The Lord had my attention. So I carefully considered the dream: its content, meaning and response, being convinced it carried a message about The Slow Death of Grace.
Interpretation: The Slow Death of Grace
The dream was about grace. Grace is generous love. It’s a love like no other, that I often describe as unconditional, undeserved and unending, and it’s most perfectly seen in the person of Jesus Christ, and mediated by the Holy Spirit. It’s what we’re made for – to give and receive.
The dream was about destruction. Harmful and inhuman forces were at work, toying with and playfully killing grace, contented to see her demise.
The dream was about people who are vulnerable. Children are amongst the most vulnerable in our society and, along with the elderly are so often inadequately protected from exploitation and forces of destruction.
The dream was about people who are female. Girls and women have, for too long, come second place to boys and men, being told they lack worth and often deprived of opportunity.
The dream was about people with special needs. We see so few people with Down syndrome these days, for most are aborted before even having the chance to take a breath.
The dream was about people doing nothing. It involved people sitting back and watching and being horrified, and yet doing nothing. And I was one.
Application: Questions & Action
This dream raised all sorts of issues for me about grace, which require a response. Some of them are questions, which I need to consider and resolve. Here are a few:
- What is the state of grace in contemporary society?
- Is grace trapped and under attack? Does the plight of grace need championing and liberating?
- How should grace affect how we treat the most vulnerable in society?
- While some things have improved for girls, does grace help us see what more can be done?
- As we look through the lens of grace, does our vision of humanity include people with special needs, or are we going to continue to systematically abort so many in the womb?
- What am I going to do about all this?
This last question is the hardest. Of course I have been praying about what I should do, and writing this blog-post has helped me reflect. But there is more, I am sure. I probably need to shout more about grace from the rooftops. Preach more about grace from the pulpit. Sing more about grace in my worship. Tell more stories of grace at the meal-table.
Most of all, as a follower of Jesus, is my daily life overflowing with grace?
And as a church leader, is there a future preaching series to preach on grace?
And as a writer, is there a book to write, on The Slow Death of Grace?
A world bereft of grace will be dreary, dark and demonic. A world infused with grace will be caring, compassionate and kind. Which do I want? Which will I contend for?
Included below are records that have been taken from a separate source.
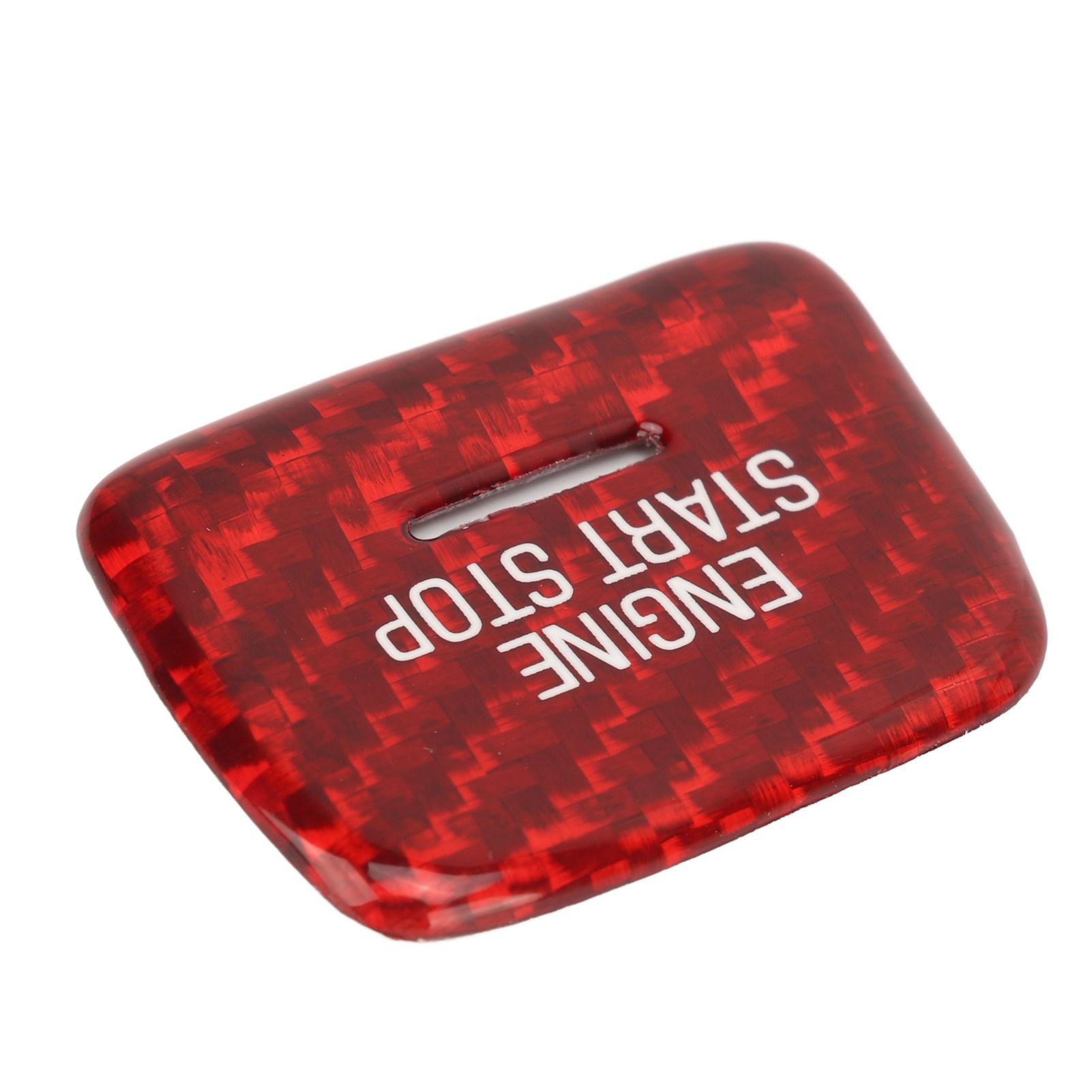 

Engine Push to Start Button Cover Carbon Start Replacement for C7 2013 to 2019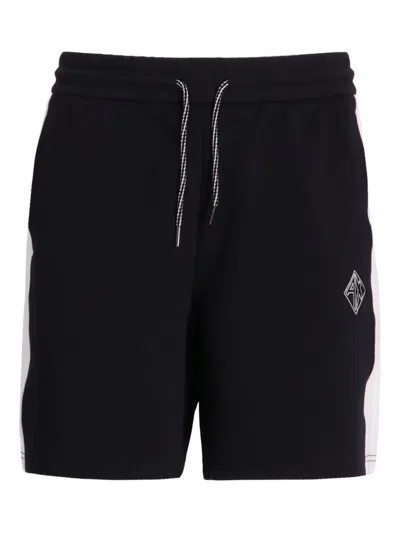 Armani Exchange Logo-embroidered Shorts In Black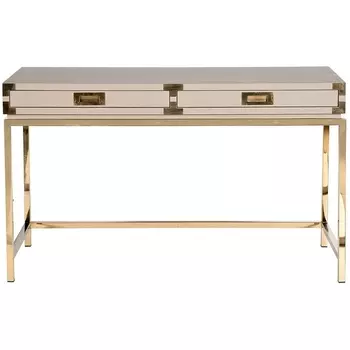 Компьютерный стол Garda Decor 46AS-D4084-TP (Золото/Белый)
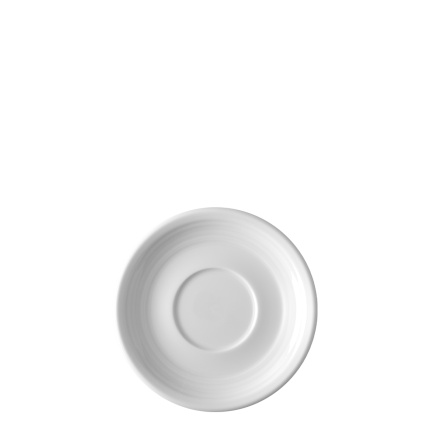 Soucoupe à café avec bord Deco 16 cm lot de 6 pcs – UNIVERS blanc
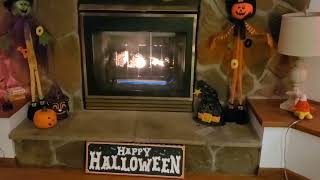 Enjoying The Fireplace On A Chilly Night 🔥🌙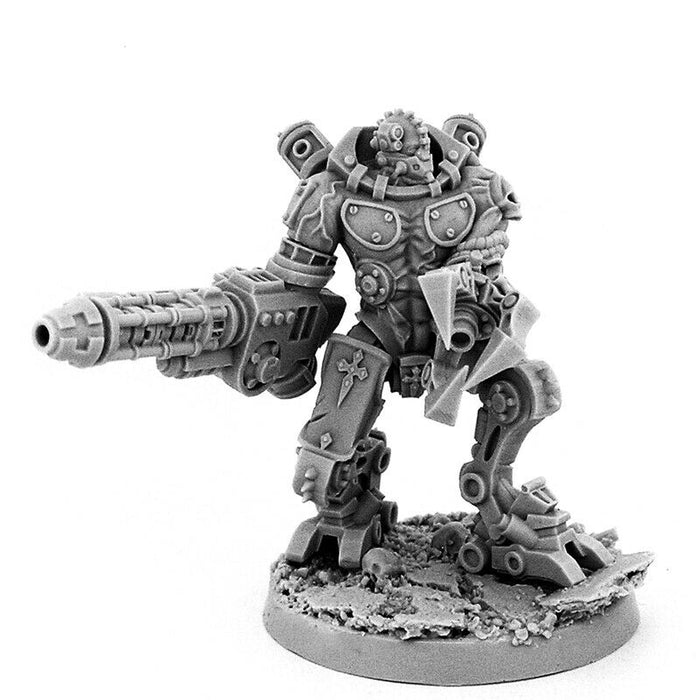 Wargames Exclusive MECHANIC ADEPT KATATON BATTLE SERVITOR SGT W/ GRAVI-CAN New - TISTA MINIS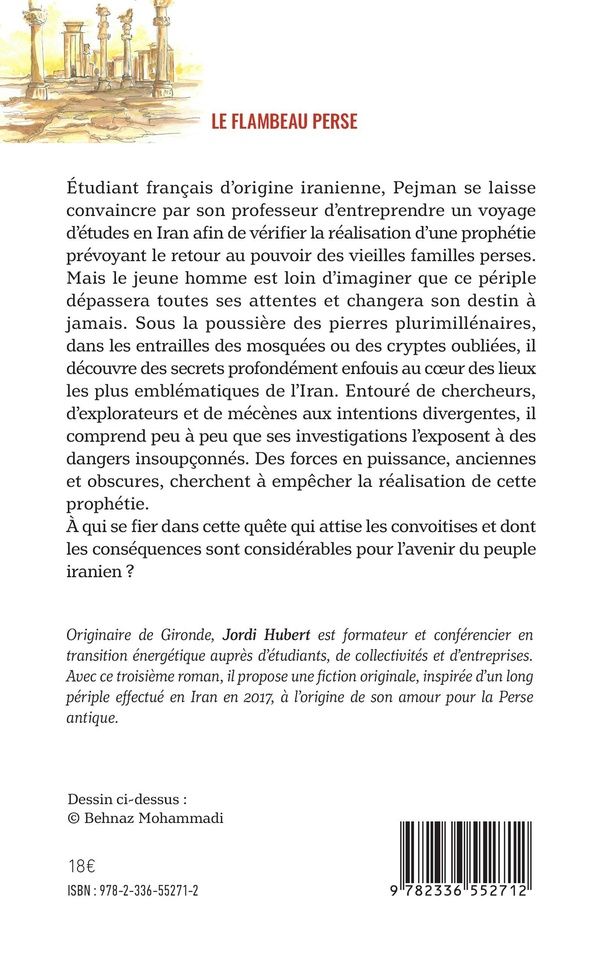 Quatrième de couverture de « Le flambeau perse : roman »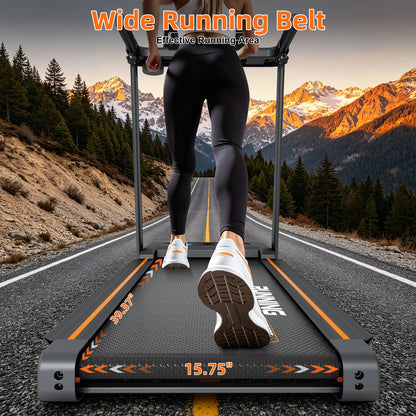 Home Foldable Treadmill With 15% Incline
Surely I won’t sit back and observe the slow death of grace. Will I?
Wow that amazing and raises so many questions not only for you but the church as a whole.
Food for thought
What a heartbreaking, gruesome vision. A shocking powerful impact with challenges on so many levels – not only in our faith but in the world too. Plenty of food for thought, prayer and asking Him what’s on His heart as we respond to this.
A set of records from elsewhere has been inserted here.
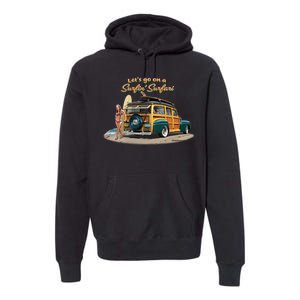 Larry Grossman Surfin' Surfari Premium Hoodie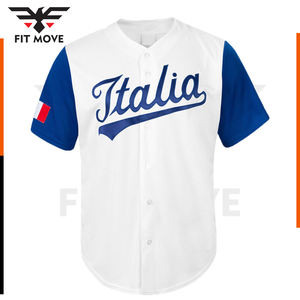 Jeunes hommes bande Softball Baseball uniformes cousu Baseball Jersey personnalisé sublimé broderie chemises XXL Kawasaki unisexe OEM - Product Image 2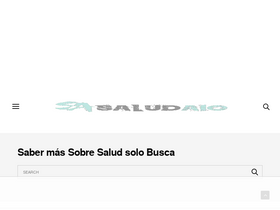 'saludaio.com' screenshot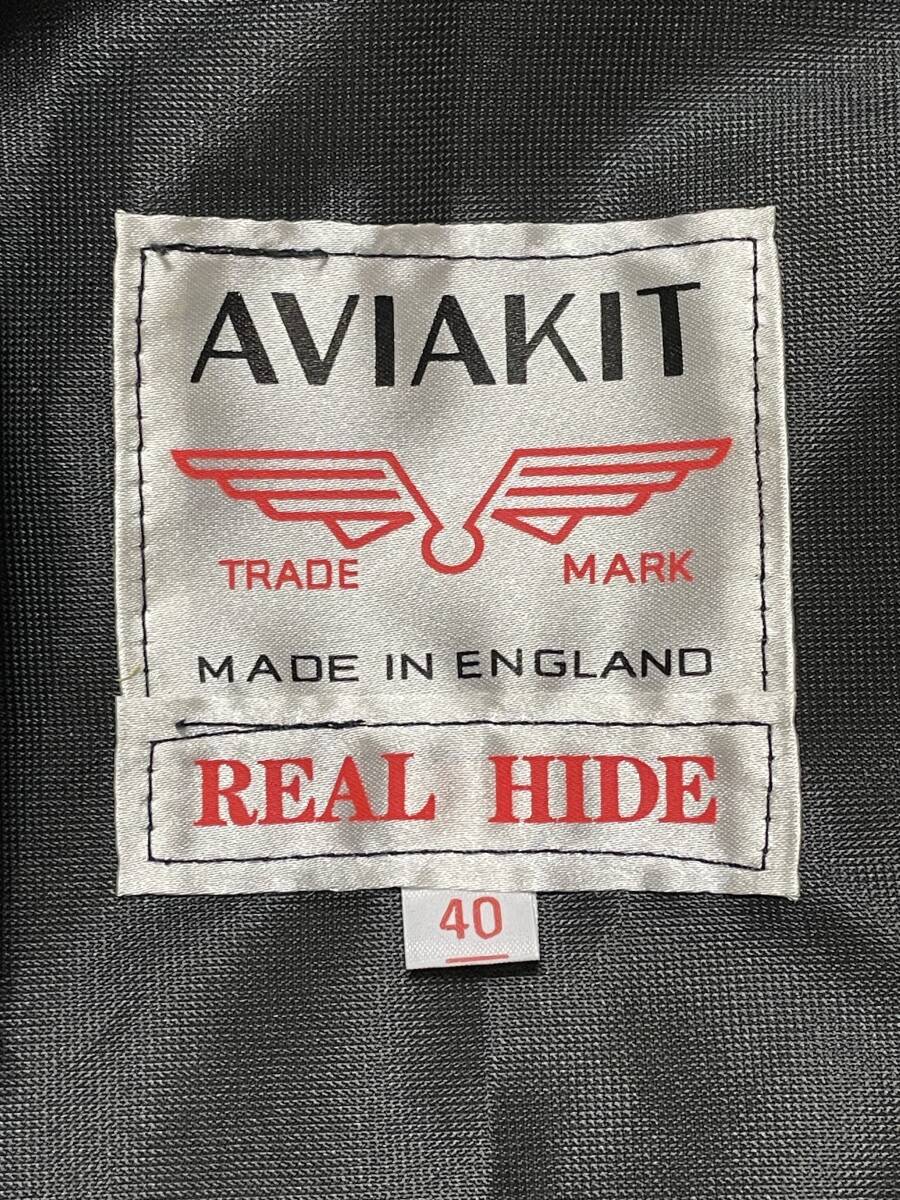 Lewis Leathers 391T Lightning Yellow Horsehide Double Riders Jacket Aviakit Size 40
Thanks for sharing this Matthew – it is indeed important.
Iv’e got a whole lot more questions 🙂
In the vison Grace is a baby. I wonder – is grace necessarily childlike and therefore always vulnerable or does our concept and understanding of grace need to ‘ grow up’ ? If Grace is a picture of an aspect of the church why is she so small and newborn? Have we not grown up in grace as we ought to have done? And then added to that, Grace has Down Syndrome. Whilst I wholeheartedly agree with everything you say about the vulnerable, the marginalised and the aborted ( 92% of Downs babies in Europe are terminated – what an unbelievable tragedy) I also wonder if the Lord isn’t also saying that our understanding of grace has been disabled. ( Or perhaps our ability to operate in grace. ) Down Syndrome often results in hearing difficulties, cognitive impairment and shortened life expectancy. Grace is not only caged, ( thankfully , for her cage is what is keeping her alive) an infant and unable to defend herself, but is also likely to grow with difficulties in hearing, seeing and understanding. ( Please note this is not a judgement on anyone born with a disability Im just trying to figure out what God is saying about the state of Grace in the church and in my own life)
The gorillas……. in some senses the state of Grace wouldn’t matter if it were not for her attackers. Who or what are they and why is the only defence Grace has against them her cage?? The gorillas need to be caged and Grace needs to be free. God is using the cage to protect Grace but this cant be how it is supposed to be. How does Grace get out of the cage and how do the gorillas get trapped and contained? We are living in an upside down world where God’s values are trashed and it feels like the gorillas are winning. But they arent. Grace cannot die. She can’t. ‘ The Word became flesh and dwelt among us……We beheld His glory, full of grace and truth. ‘ Grace will grow, flourish and defeat her enemies. She has to. And we have to help her with everything we have got.
Hi Caz. Thank you for your reflections and questions, especially about the gorillas – which are so helpful.
And of course you’re right, grace will never die, despite there being so much ‘ungrace’ in the world (Yancey).
Much more consideration and prayer for me here.